Published
Last month Crown Commercial Services issued revised guidance on how you might include social and environmental aspects into procurement procedures. The guidance looks at the different stages of a tender process and provides information on the regulations that apply and to what extent you can design your procedures to include social and environmental aspects.
Some of the most useful guidance comes in terms of how to include social and/or environmental aspects in specifications, award criteria and contract conditions.
For example, your specification could require a bidder’s product or service to meet the requirements of an environmental or social label, such as energy efficiency standards. However, the guidance does remind us of the conditions the label concerned must meet in order to comply with the Regulations, especially the need to accept equivalent labels and that the label requirements only concern criteria that are linked to the subject matter of the contract.
Regulation 67(2) now expressly states that award criteria may include environmental or social aspects as long as a clear link with the subject matter of the contract can be demonstrated. One way of giving more weighting to environmental aspects is to take a life cycle costing approach to the evaluation of ‘tender price’ where you evaluate the cost of a product over the whole lifecycle allowing scope to consider environmental factors such as electricity consumption and disposal/recycling costs.

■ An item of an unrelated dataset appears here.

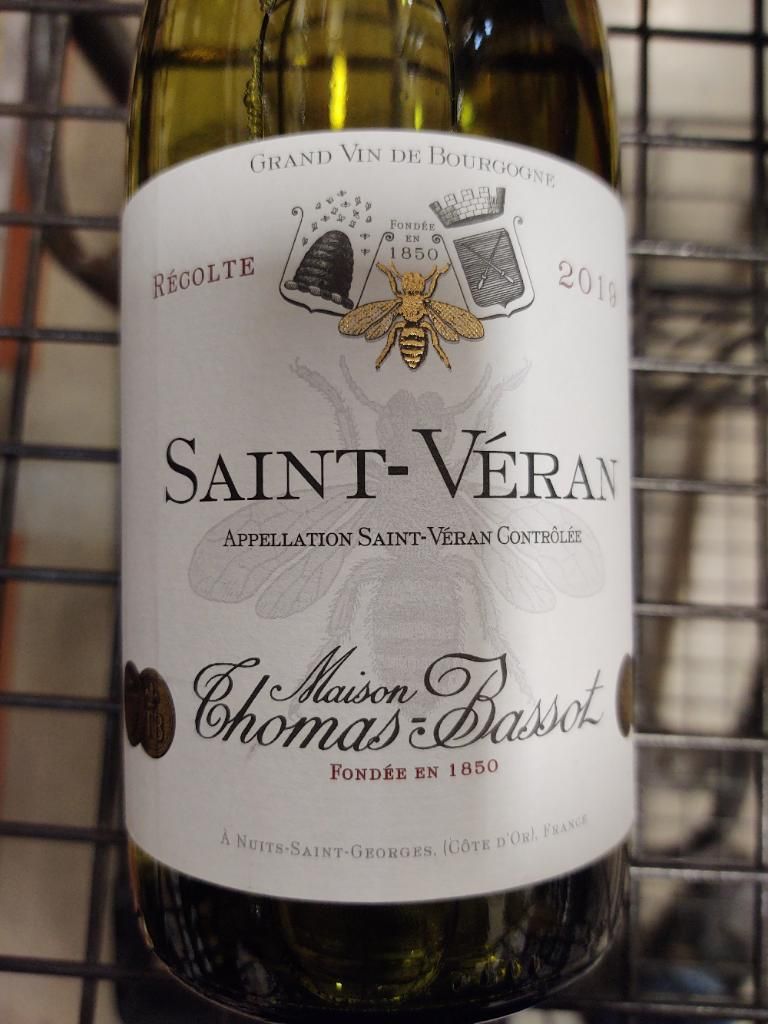 2019 Thomas Bassot Saint Véran - CellarTracker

The method used for the assessment of costs imputed to environmental externalities does need to be transparent and objective (i.e. bidders need to be told what the assessment methodology is up front.)
Regulation 70 now allows special contract performance conditions to be incorporated into the terms and conditions of a contract, provided these have been highlighted in the procurement documents and the condition can properly be linked to the contract. Examples might be terms and conditions around recycling of waste or packaging, or in relation to fair trade requirements or in relation to a percentage of the workforce deployed on your contract to be in the form of an Apprentice (note apprentices must be for your contract in question not generally within the supplier’s workforce). In particular, if you really want to achieve social value through your procurement activity e.g. driving the use of apprentices, then it’s generally thought that the best way to do this is through the use of terms and conditions i.e. to include a requirement for the successful bidder to provide it in your contract terms and conditions, rather than evaluate it as part of the bidder’s proposal.
If you are using a CPC framework agreement, suppliers on the framework will already have passed a selection stage evaluation of social and/or environmental aspects. This will have included an assessment of any breaches in environmental, social or labour laws, the environmental management systems in place and/or any unlawful discrimination findings by employment tribunals or upheld complaints by the Equality and Human Rights Commission.